Rockin’ Robin, whose real name is Robin Smith, actually initiated the idea for the WWE not to acknowledge that her and her brothers were related on camera. Some would think it would be difficult for a girl, growing up in a wrestling family, but Smith didn’t mind it and has very fond memories of her childhood and has never forgotten where she came from.
“Every time my doorbell would ring, it felt like I was in the circus,” Smith said. “I had a typical relationship with my dad and brothers. Dad was on the road a lot, while my mother was at home with me and my brother Mike (Sam Houston). We got to go to a lot of the shows and it was really exciting. They treated us like celebrities.”
Smith added that it was really never as hard for her being a wrestler’s kid, as it was for her brother. She says some of the neighbourhood kids and school children were quite ruthless at times.

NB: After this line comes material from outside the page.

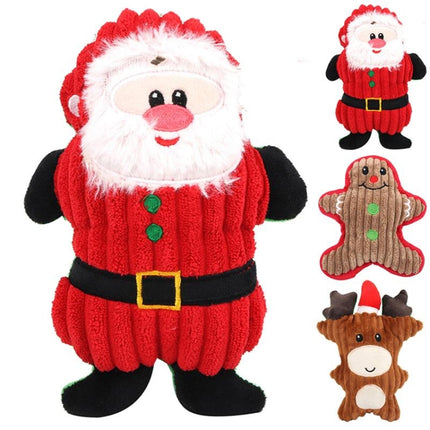 WJ084 Christmas Santa Claus Pet Dog Toys Chew Squeaker Pet Plush Toys(Elk)-garmade.com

“My brother got beat up quite a bit back then,” Smith said. “The kids used to tease us all the time that wrestling is fake. I used to say, ‘Is the big house, the cars and the swimming pool fake?'”
Today, most wrestling fans are well aware of who’s related and who’s not, because it’s usually acknowledged as soon as a person debuts. However, back then, it wasn’t as big a deal, because while wrestling was pushed as a legitimate sport at the time, people still had their doubts and might not have believed what they were told on camera anyway. In addition, there was no Internet for anyone to do their own research.
It might have actually worked out for the best for the Poffo brothers, Randy and Lanny, who followed their father Angelo Poffo into the business. They were never acknowledged as brothers on camera, yet Randy Savage went on to become one of the greatest WWE Champions of all time, while his brother Lanny was a solid performer as a heel or babyface, briefly headlining during his run as The Genius.
Lanny says despite the fact that they were never acknowledged as brothers on TV, they’ve always had a great relationship.
“My brother and I always got along and still do to this day,” Lanny said. “When he got called to go to WCW, he asked if I could come along. My brother never did anything but help me and I am truly grateful for that.”
Pro wrestling is as much a family business today as it was 50 years ago. And it produces family-oriented television, focused on bringing families closer together. So regardless if someone is born into the wrestling business or not, no matter where they came from or where they’ve been, they all have strong family values, because they now live under the same roof and share the same family.